• [DIRECTIONS FOR THIS TASK]
In the data below, locate the line containing "Adidas Steph Curry" and the line containing "Afbeelding van kwmobile", then retype both and everything between them exactly. Pictures are not part of the copy.
-- RECORD EXCERPTS follows --
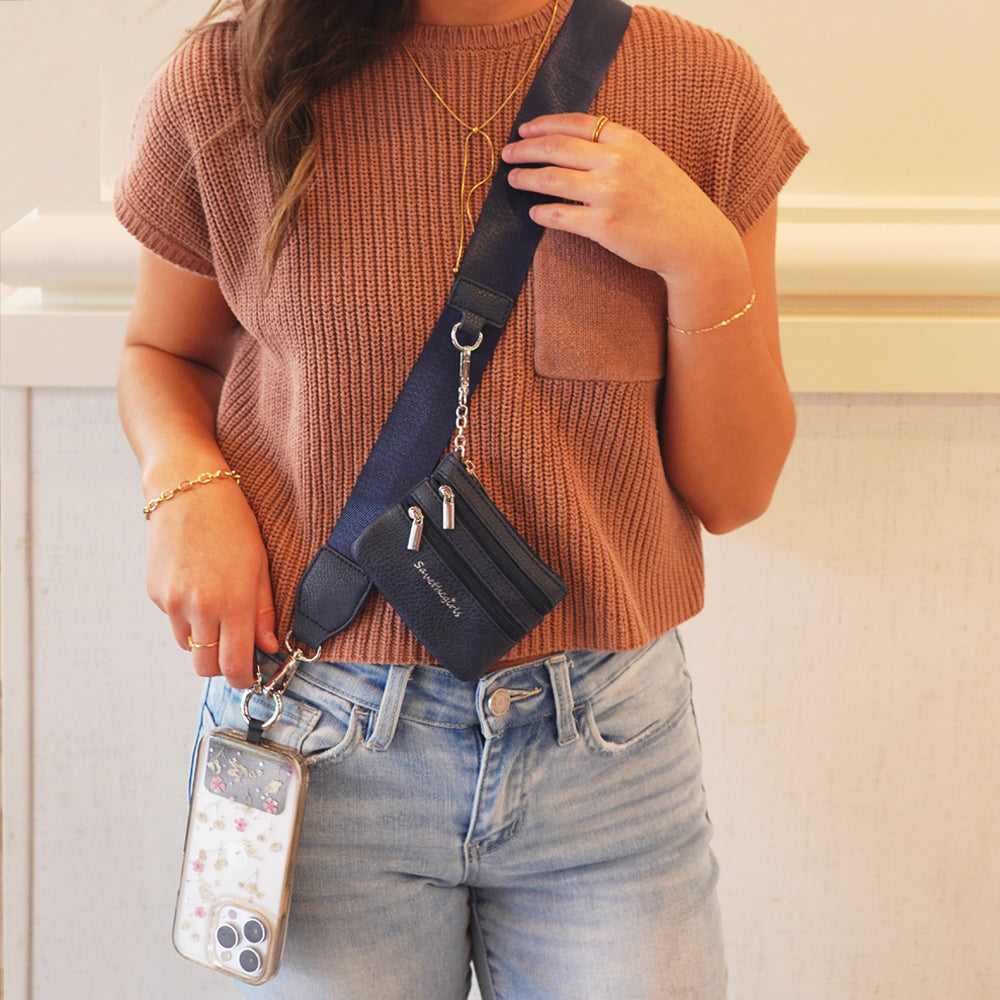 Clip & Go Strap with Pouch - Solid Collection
-- RECORD EXCERPTS concluded --
-- RECORD EXCERPTS follows --
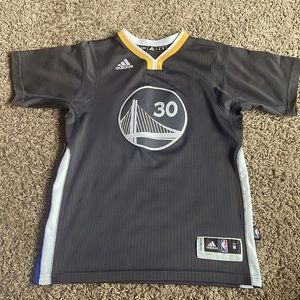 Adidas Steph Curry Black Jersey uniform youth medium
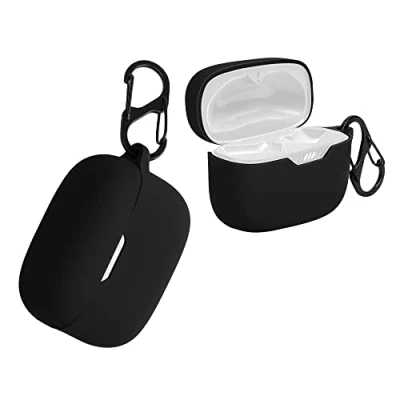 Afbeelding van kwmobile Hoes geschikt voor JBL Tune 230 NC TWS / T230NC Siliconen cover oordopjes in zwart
-- RECORD EXCERPTS concluded --
• [ANSWER BOX]
 Adidas Steph Curry Black Jersey uniform youth medium
 Afbeelding van kwmobile Hoes geschikt voor JBL Tune 230 NC TWS / T230NC Siliconen cover oordopjes in zwart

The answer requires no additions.